В те дни папа иногда задерживался, а мама его ждала как-то так, что сама всё время молчала, вообще почти ничего никому не говорила. Ивану было интересно, и он спрашивал её, где папа, но мама отвечала односложно: «В военкомате». Такой мамин ответ Ивану ничем не помогал, он про военкоматы ничего не знал, но мама говорила с таким видом, что не хотелось её переспрашивать. В дни ожидания папы из военкомата мама на них с сестрой совсем не ругалась. Даже если они шкодили. Иван один раз попробовал напакостить, причём совсем не случайно, а специально уронил кружку, а мама его только обняла, прижала к себе и долго гладила по голове, да так, что сестра заревновала, прибежала и лезла к маме, чтобы и её обнимали. Из военкомата папа приходил мрачный. И повторялась одна и та же сцена: мама смотрела на него внимательно и после долгой паузы задавала короткий вопрос «ну как?», а он ничего не рассказывал, только чуть поворачивал головой из стороны в сторону. Так было несколько раз. Много дней подряд.
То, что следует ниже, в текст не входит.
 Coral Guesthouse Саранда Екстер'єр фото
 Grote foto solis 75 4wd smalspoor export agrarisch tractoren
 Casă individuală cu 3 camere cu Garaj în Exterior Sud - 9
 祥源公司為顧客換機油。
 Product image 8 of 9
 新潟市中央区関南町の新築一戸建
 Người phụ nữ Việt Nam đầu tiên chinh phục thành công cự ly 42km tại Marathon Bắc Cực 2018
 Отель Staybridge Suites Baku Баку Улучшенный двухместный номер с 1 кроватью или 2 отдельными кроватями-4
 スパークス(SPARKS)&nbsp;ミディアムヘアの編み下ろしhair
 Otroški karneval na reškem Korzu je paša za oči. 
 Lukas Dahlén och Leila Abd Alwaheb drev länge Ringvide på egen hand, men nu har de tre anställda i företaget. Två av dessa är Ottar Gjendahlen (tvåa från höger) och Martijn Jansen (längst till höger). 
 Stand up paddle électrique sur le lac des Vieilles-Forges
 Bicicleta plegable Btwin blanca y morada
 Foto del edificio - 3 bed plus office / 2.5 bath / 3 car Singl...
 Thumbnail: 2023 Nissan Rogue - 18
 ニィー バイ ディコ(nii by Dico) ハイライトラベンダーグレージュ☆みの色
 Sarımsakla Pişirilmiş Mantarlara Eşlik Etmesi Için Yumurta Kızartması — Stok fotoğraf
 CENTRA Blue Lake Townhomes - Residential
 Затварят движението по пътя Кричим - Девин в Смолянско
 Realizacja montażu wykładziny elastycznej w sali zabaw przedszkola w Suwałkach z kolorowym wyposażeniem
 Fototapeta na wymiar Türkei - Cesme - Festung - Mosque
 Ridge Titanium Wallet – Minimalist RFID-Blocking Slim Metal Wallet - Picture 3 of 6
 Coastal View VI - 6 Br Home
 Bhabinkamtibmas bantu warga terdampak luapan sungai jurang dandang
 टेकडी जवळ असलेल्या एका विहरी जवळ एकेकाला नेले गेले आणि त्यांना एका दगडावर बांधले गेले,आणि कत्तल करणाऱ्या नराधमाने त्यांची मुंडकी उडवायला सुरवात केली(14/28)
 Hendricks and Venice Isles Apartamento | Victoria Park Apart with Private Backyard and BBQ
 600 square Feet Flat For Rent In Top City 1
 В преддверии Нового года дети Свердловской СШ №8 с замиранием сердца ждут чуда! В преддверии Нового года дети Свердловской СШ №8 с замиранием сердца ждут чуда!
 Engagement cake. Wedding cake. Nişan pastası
Но другой день настал, когда папа домой зашёл рывком, что чуть дверь не оторвал и уже не молчал: «Я еду!» Он это как будто прорычал, у него голос сорвался. А мама сказала, что наконец-то и это здорово. Она улыбалась, но Иван видел, что ей вообще не радостно. Это, наверно, было из-за того, что папа затушевался и вспомнил, что теперь ему нужно ехать к его папе и маме, а он не знает, как им это всё рассказать. Иван понимал, что скрыть свою радость отец очень хочет, но ему нельзя, всё равно придётся рассказывать, потому что, когда он уедет, все-все узнают, а он не рассказал сам, это плохо.
Папа ушёл на войну. Видимо, это и было то самое, о чём они говорили с мамой, то самое, что папа был кому-то должен.
Дальше жизнь потекла похожей на обычный порядок. Их с сестрой водили в садик. Иногда они с мамой, хоть уже и без папы, ездили к деду с бабушкой. Ваньке никто ничего не объяснял, но он сам решил: мама, пока папы нет, без него не справится, значит нужно маме помогать; и если вообще не просили, то всё равно помогать. И сестра, глядя на Ивана, стала маминой помощницей. Ну помогала, конечно, как она могла, тарелки или ложки на стол принести, да и только. Но помощь свою маме сестра прямо требовала, наверно никак не хотела от Ваньки отставать. А ему не нравилось, что его считают маленьким и не обращают внимание и он вынужден из-за этого сам всё время напрашиваться, чтобы ему всё-таки дали что-нибудь поделать.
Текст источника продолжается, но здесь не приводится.